In The Night Season by Richard Bausch

HarperCollins June 1998 326 pp. 24.00

Copyright © Steven E. Alford

 

Richard Bausch's In the Night Season is about grief, loss, and hope. But more than anything else, it chronicles the hidden reserves of the human will, the capacity to stare down the prospect of imminent death with a few well-chosen Anglo-Saxonisms.

The scene is rural Virginia, in and around the ominously named Darkness Falls. Edward Bishop is a lonely, fifty-six-year-old Black Vietnam vet who has settled into solitary middle age, repairing televisions and VCRs. In his mail one day he receives a crude and hateful missive from the Virginia Front, a local white supremacist organization that takes exception to his caring for eleven-year-old Jason, a neighbor. Jason is the son of Nora Michaelson, a white widow whose husband, deeply in debt from a failed business, died in an automobile accident.

Nora makes ends meet by counseling at a local Catholic school. Although qualified, she no longer teaches.

"Something about the life had exhausted her and made her feel obscurely angry a lot of the time. … so many of the students she encountered had already been ruined by other teachers, or by the culture they lived in, which seemed to value everything else over knowledge, and these students-ignorant, oddly cynical about life, often uncivil, and incredibly complacent about their ignorance-these students were so self-satisfied and aggressively obtuse that unvaryingly they made her feel a black desire to lash out, a smoldering rage."

Her rage serves her well as events unfold. Although Bishop takes his fears to Chief Investigator Shaw of the police, no one is particularly concerned about the home grown racists until a murder occurs. At first, the police throw all their resources toward tracking down the Virginia Front membership, who seem to be responsible for the crime. Then, in separate incidents, Nora and her son Jason are kidnapped by a band of brutal thugs.
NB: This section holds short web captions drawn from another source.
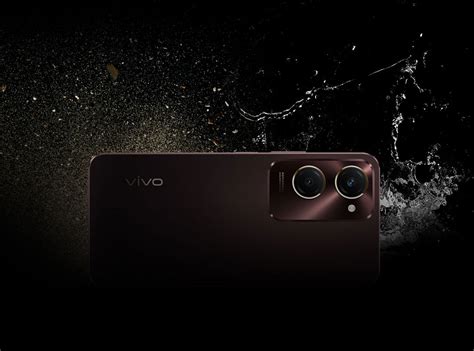 vivo Y28e 5G-India Colors, AI Dual Camera | vivo India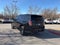 2024 Chevrolet Tahoe Z71 LUXURY PACKAGE, PANO ROOF, 2ND ROW BUCKETS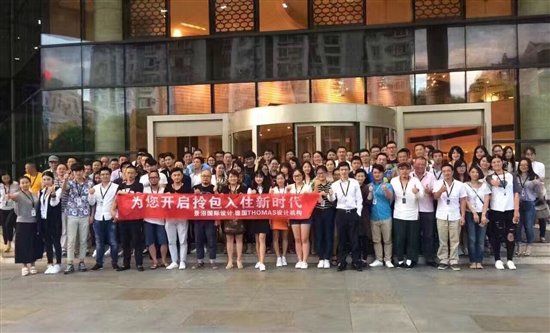 上海装饰公司排行，别墅装饰规划哪家好?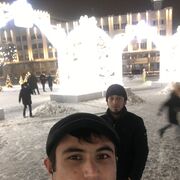  --,   , 27 ,   ,   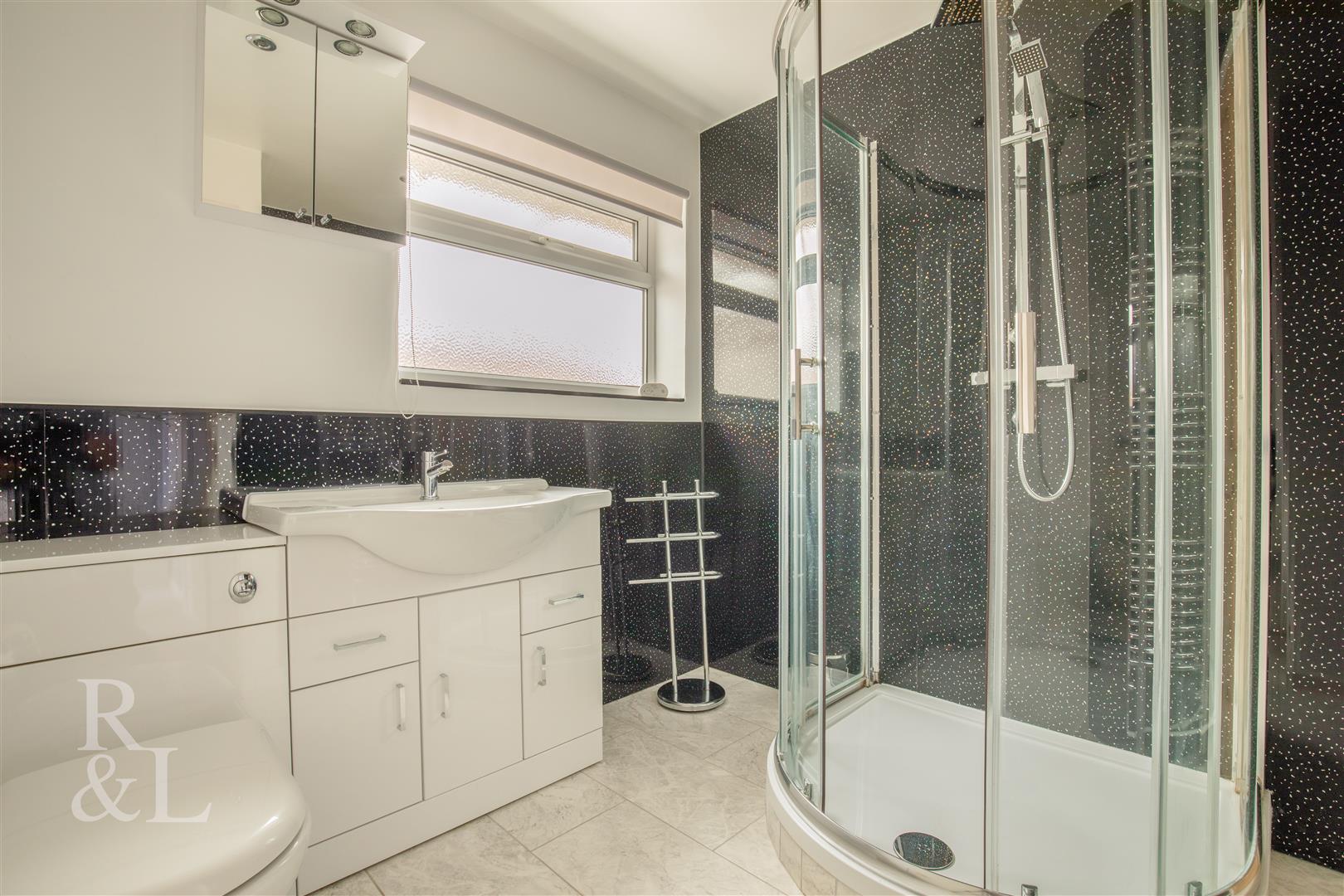 Property image for Masefield Close, Measham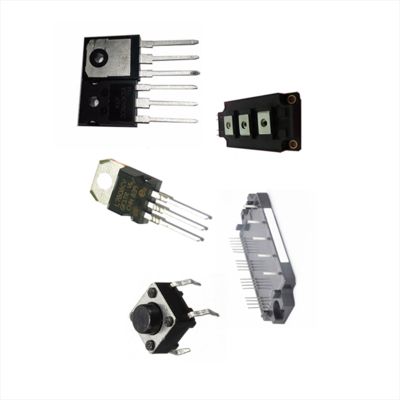 Memory Integrated Circuits M25PX80-VMP6TG0M TR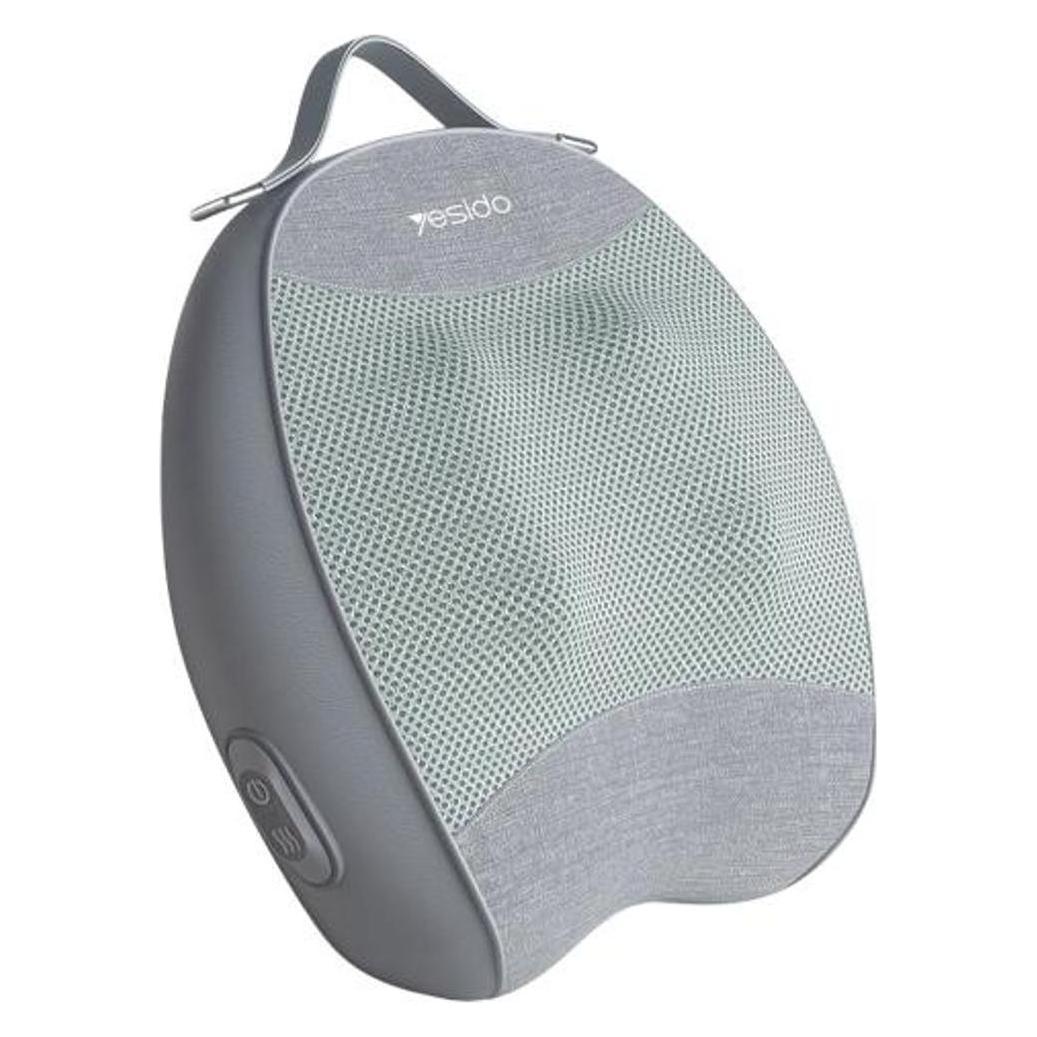 Yesido Back Massager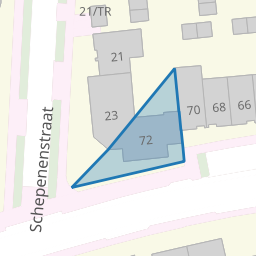 Perceel KRD00-G-3241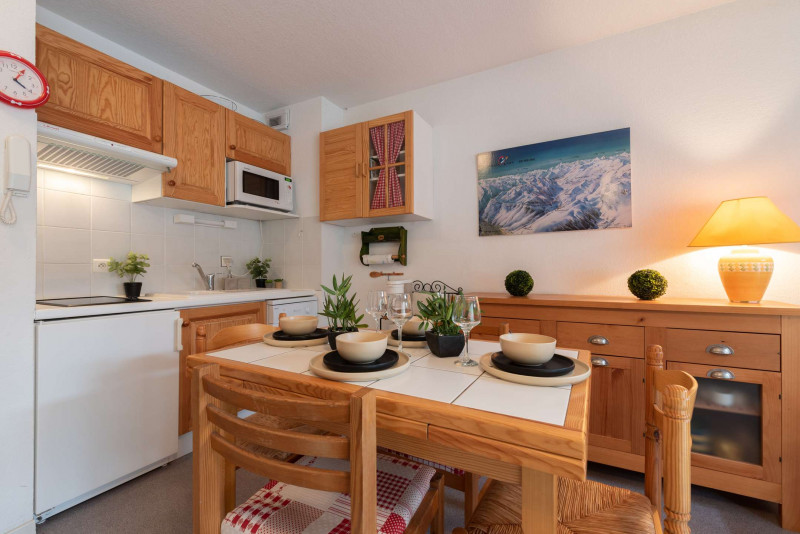 _clients_106517002_photos_422e_8624794 _clients_106517002_photos_422e_8624794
Although the police remain in the dark, Nora and Jason learn that the murder was obscurely connected to Nora's late husband.

The killers are convinced that Nora or Jason has information that will lead them to a cache of extraordinarily valuable merchandise. Neither she nor her son knows anything about the merchandise, or its relation to her dead husband, but the crooks don't believe them. For the rest of the novel we alternate between the story of the kidnappers brutalizing Nora and Jason, and of policeman Shaw trying to locate members of the Virginia Front.

Alongside the kidnapping story, we learn of Shaw's life, and here Bausch demonstrates his artfulness, as Shaw's personal tragedies and disappointments reflect and contrast with those of the Michaelsons'. Deeply depressed over the death of his own son years earlier, trying to remain on the wagon as he realizes that his ex-wife is finding her own way in life while he is not, Shaw barely makes it through his days. As it slowly dawns on him that a relationship exists between the murder and the kidnappings, Shaw realizes that a redemption of sort is possible if he can save the life of Nora Michaelson's young son.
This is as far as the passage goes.